Malware Collector in a Nutshell

Abstract

We use honey pot as a tool to detect and collect new and unknown malwares. Once detected it would be easy for that we can easily get the required information about the malware and we can be able to locate the intruder. We can be able to get the source and destination IP and intruder also use different combinations of username and passwords. We can also log these usernames and password and through analysis of this log file we can be able to identify use some strong passwords. Honeypot is not an antivirus or firewall. It is basically a tool which helps in understanding, the cyberthreats through this we can be able to make our system more secure. We can be able to identify the location of the intruder. There are different types of honeypots and each of them have different types of functions for example to log brute force attacks and for network security a different types of honeypots are used as already mentioned every honeypot has its own specific functionality. Some of the main example of honeypots are email traps, decoy database, malware honeypot, spider honeypots and many others.
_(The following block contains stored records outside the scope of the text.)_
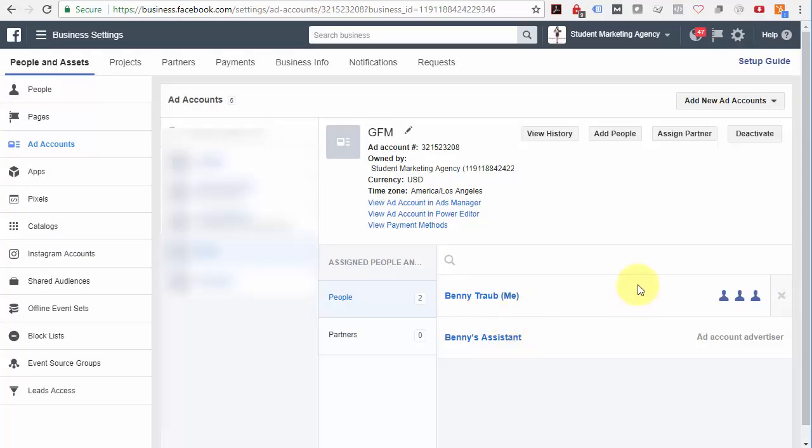And by the way, you can repeat this process with pages. If you've got Facebook pages you want to assign to partners, you can do the same thing.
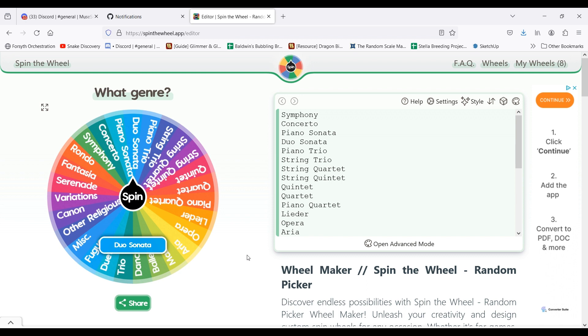Now, three things can happen from here. Either one, I go onto IMSLP and look for the lowest catalog number that's in that genre that I haven't already done.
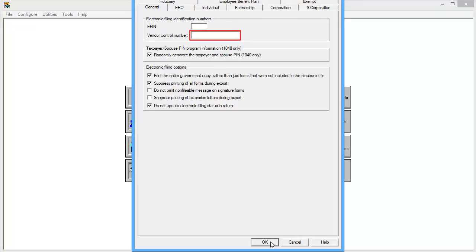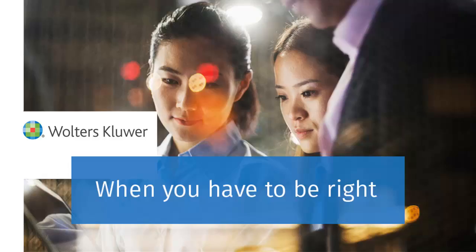Once the VCN has been entered, click OK. Thank you for watching this video on entering the Vendor Control Number in Office Manager.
Honeypot works on SSH and Telnet to log brute all the attacks performed by the hacker along this shell interaction of the attacker as well. We can also say our honeypot is specifically designed for SSH and Telnet. We are going to open these ports to make our system vulnerable for the attack and we done this by making module through programming by giving port number. These ports are 22 and 23 and as previously mentioned these ports are opened through programming module. Intruder can access through these ports and we can get the IP of the intruder and we can be able to locate the intruder through IP.